On March 31, the Swedish National Commission for UNESCO and the National Museums for World Culture arranged a conference about the illicit trafficking of cultural goods. Several international experts came to Stockholm in order to speak about the illicit trade from several different angles and to share their latest research. Maria José Miñana was one of them.

Bild på Maria José Miñana
Maria José Miñana. Photographer: Niklas Sagrén

Tell us a bit about yourself!

My name is Maria José Miñana, I work for UNESCO in the programme in charge of the fight against illicit trafficking in cultural property. I deal with several issues, such as capacity building, partnership development, awareness raising and supporting states in the implementation of the 1970 Convention, that I will talk about in the meeting today.

What does UNESCO do in order to stop the illicit trade?

The UNESCO 1970 Convention has been ratified by 132 states, most recently Benin and Ghana. UNESCO supports States in the implementation of this Convention through differents means, such as technical assistance, capacity building, awareness raising but also by fostering international,regional and national cooperation.
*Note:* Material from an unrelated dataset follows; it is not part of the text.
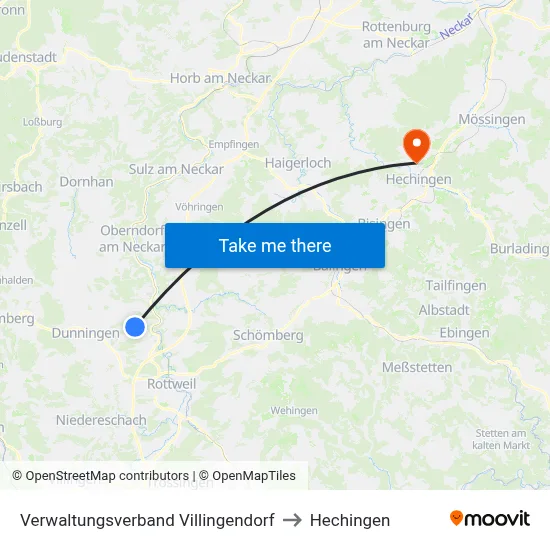 Verwaltungsverband Villingendorf to Hechingen map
As you know, illicit trafficking is something that needs to be tackled from many different angles. We need the involvement of the police, of the customs, of archeologists, of people of the museums but also of the art market, which is really important too:

– Because if collectors in the world were not buying objects that have been illicitly trafficked, there would be no illicit trafficking.

What are the main challenges?

Countering the illicit trafficking in cultural property is a challenging task for several reasons. For instance, the lack of consistent information regarding this issue. As you know, it is the black market, so it’s very difficult for us to know the actual volume of artifacts being illicitly traded. Also, sometimes the protection of cultural property is not a top priority for States.

However, the links between illicit trafficking and the financing of terrorism are now evident, and thus the importance of protecting cultural heritage for international security – and social cohesion – becomes more and more visible.

Theprotection of cultural heritage and the fight against illicit trafficking are now at the frontline of the security agenda. That also helps raising awareness and taking action within the international community.

In 2015, the UN security council adopted Resolution 2199 about fighting illicit trafficking with cultural objects. What has that meant for your work?

The resolution imposes a world wide moratorium on the trafficking of cultural objects from Syria and Iraq (Syria: 2011, Iraq: 1990). UNESCO has been putting in place the international action to implement this Resolution. A meetingwas organized in April 2015, with several partner organizations of UNESCO in this initiative. UNESCO and its network of partners came up with a roadmap to help implementing this Resolution at the international level, along with guidelines for States to actually implement it. States sent reports of actions that have been undertaken, and we are following very closely how this is being done. We are also organizing many awareness raising events for the art market to make sure they are aware of the situation.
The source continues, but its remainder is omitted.